YOUR ASSIGNMENT
Print exactly the lines from the one that contains "thi công nội" through the final line of the entries below, both included, and nothing else; omit the pictures.

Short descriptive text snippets

┌──

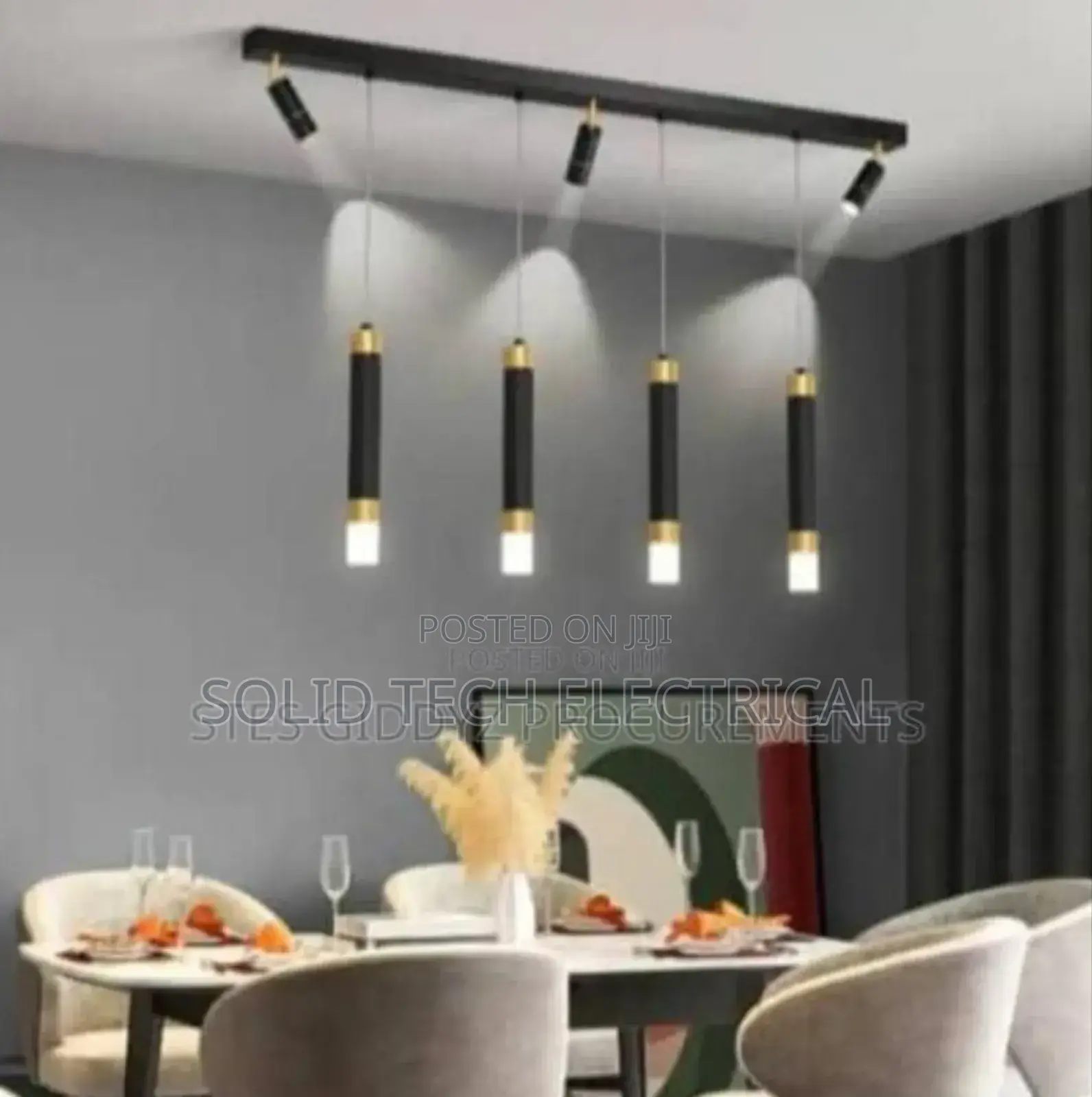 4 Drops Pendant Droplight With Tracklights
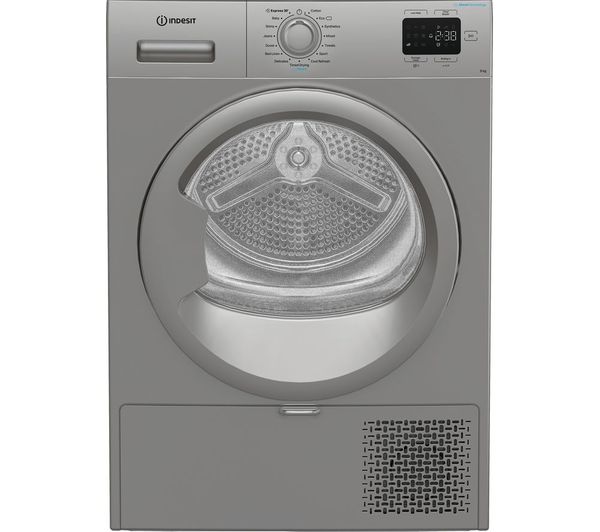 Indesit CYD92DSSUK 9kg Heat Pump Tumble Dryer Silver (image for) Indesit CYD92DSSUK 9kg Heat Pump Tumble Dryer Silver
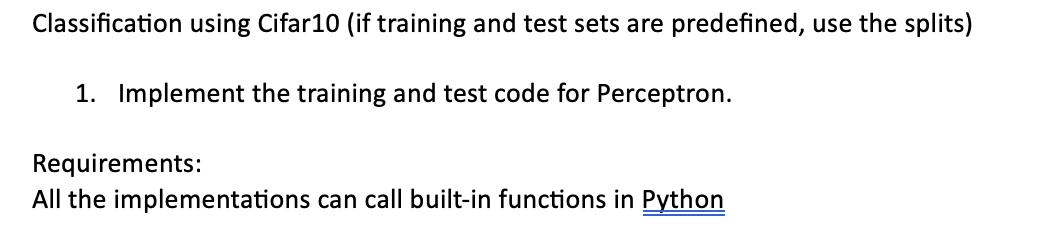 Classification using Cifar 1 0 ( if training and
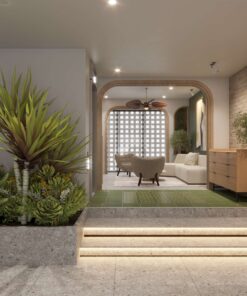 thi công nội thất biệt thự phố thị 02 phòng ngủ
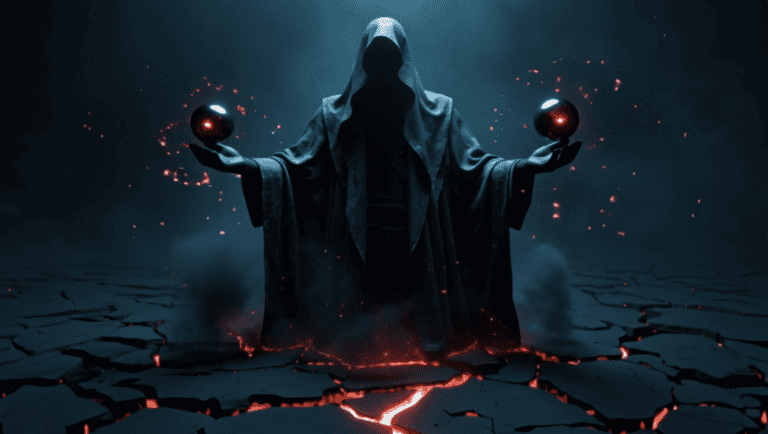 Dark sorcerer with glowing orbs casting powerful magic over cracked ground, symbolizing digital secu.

└──

RESPONSE AREA
 thi công nội thất biệt thự phố thị 02 phòng ngủ
 Dark sorcerer with glowing orbs casting powerful magic over cracked ground, symbolizing digital secu.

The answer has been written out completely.